Após trinta anos de observação de aves no Paraná,
encontrar aqui no litoral uma espécie que nunca viu antes tem se tornado um
acontecimento bastante raro. Quando acontece, tende a ser um registro que vale
a pena a ser divulgado, além de me deixar em estado de jubilo.
Nas minhas visitas à cidade de Guaraqueçaba nunca
deixo de ir ao trapiche da marina, pois no seu corrimão costumam pousar até três
espécies de trinta-réis e com alguma sorte pode se ver dali também o
savacu-de-coroa (Nyctanassa violacea),
vulgo Tiazinha. Há três dias (6 de setembro), quando às 16 horas estava
chegando naquele local, escutei um barulho tão ruim que só podia vir de gente
da pior espécie. No entanto, quando vi o local exato donde surgiu, uma mancha
de capim-praturá (Spartina sp.) ao
lado esquerdo do trapiche, conclui que então tinha de ser um gnomo. Que engano!

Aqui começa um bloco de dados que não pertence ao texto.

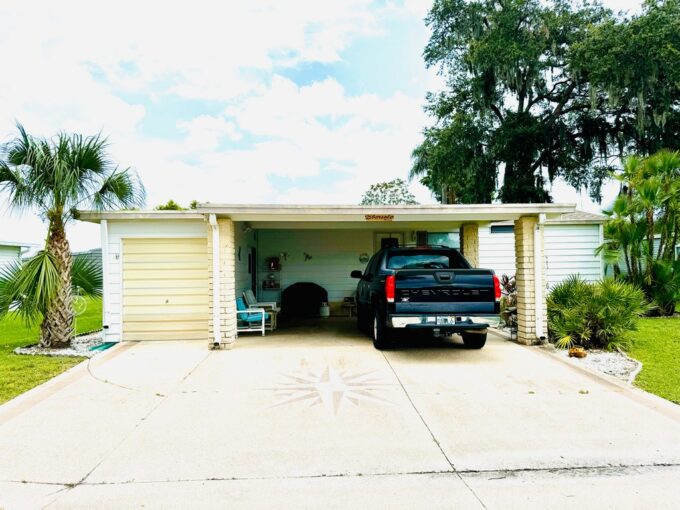 4572 Avalon Cove in Schalamar Creek in Lakeland. Double wide two bedroom two bathroom. Carport, gutters, private drive way, golf cart shed with automatic door. This home is full of potential.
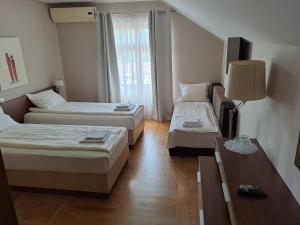 una camera d'albergo con due letti e un tavolo di Hostel Tema Nova Centar a Čačak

Bem a minha frente estava uma saracura nunca vista antes! Estava tão perto (a
uns quinze metros) que sem binóculo consegui ver todos os seus detalhes. Tinha
tamanho do socozinho (Butorides striata)
e o bico longo era avermelhado de ponto escuro. Os flancos eram barrados de
branco em fundo marrom-escuro e o traseiro era tão branco e conspícuo quanto no
frango-d’água-comum. Continuei olhando, para memorizar todos os detalhes, pois
imaginava que a miragem se dissipasse logo em seguida para nunca mais retornar.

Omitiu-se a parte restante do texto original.